O comboio partiu ao final da tarde. Uma tarde quente de Setembro. Estávamos no Sul de Itália e os teus olhos morriam nos meus de tão belos, de tão irrepetíveis. Percebiam que o amor ē uma ciência, é uma imensa sabedoria. Saber que se nasce para morrer um dia, a cada dia, e que mesmo assim, e que só assim, é possível construir a beleza e seguir. Nem o amor nem a beleza se conquistam à chegada, só quando partem se elevam. E, quando  partem, ficam e contam o que será.
Apanha comigo um comboio e deixa o caminho para os que não saem do lugar. Há um planeta inteiro para nos morrer no coração e hoje ē o dia. Apanha esse comboio e deixa-me onde ainda não chegou o coração. Nem o teu, nem o meu. É aí que quero morrer. Por ser aí essa pátria de esperança, muito virgem, muito virgem de despedidas de todos os outros lugares por onde passámos e não paramos, mas que nos faltam e, por faltarem, significam.

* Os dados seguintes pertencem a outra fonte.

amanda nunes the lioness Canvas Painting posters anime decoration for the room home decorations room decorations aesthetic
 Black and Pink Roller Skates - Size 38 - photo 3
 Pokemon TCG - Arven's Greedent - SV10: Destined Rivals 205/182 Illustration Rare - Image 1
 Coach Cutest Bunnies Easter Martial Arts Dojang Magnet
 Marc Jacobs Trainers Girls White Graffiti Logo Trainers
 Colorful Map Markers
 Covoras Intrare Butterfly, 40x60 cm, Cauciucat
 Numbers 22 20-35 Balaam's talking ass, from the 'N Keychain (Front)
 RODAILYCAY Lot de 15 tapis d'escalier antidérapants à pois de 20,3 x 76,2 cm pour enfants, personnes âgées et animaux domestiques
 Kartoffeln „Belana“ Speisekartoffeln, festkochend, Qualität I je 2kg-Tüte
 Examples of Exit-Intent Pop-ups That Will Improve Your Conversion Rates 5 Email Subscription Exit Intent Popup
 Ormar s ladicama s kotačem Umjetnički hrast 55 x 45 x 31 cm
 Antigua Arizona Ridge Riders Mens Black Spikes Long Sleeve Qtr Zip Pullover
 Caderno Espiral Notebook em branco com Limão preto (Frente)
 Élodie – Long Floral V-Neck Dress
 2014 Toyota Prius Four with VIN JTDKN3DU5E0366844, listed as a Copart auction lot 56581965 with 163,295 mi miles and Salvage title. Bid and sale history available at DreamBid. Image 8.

Apanha comigo esse comboio e deixa-me nessa viagem. Se eu não chegar nunca, não me procures, eu sou a tua viagem. Se me não vires esta tarde não faz mal, estou no sul de Itália numa velha estação a dizer-te com os olhos embaciados que o amor não se explica e que por isso te posso morrer. Estou nessa estação à espera que partas e que entendas que o amor também é uma despedida, uma longa e bela despedida.
Apanha comigo esse comboio e olha pela janela. Podes acenar assim que o comboio começar o seu curso e vê, vê com os olhos molhados como ficamos nessa estação, julgando-nos eternos. Vê como partimos, como se está sempre a partir. Podes acenar. Podes dizer uma ou duas palavras sobre essa parte de nós que ficou e que morrerá por ali.
Chega-te a mim. Está a arrefecer nesta carruagem. E o futuro, o futuro é sempre um lugar frio. Assim que chegarmos, estaremos a morrer novamente, mas é isso o amor, a sabedoria do amor. Estaremos a morrer e tu a perguntares se eu ficarei e eu a dizer que se fica muito quando se morre.
Assim que chegarmos, vou dizer que nunca te deixarei. Que morro muitas vezes e que, por  isso, há pessoas e lugares que me perdem.  Apanha comigo esse comboio. Não deixes de dizer adeus, pois só dizemos adeus ao que queremos levar para sempre.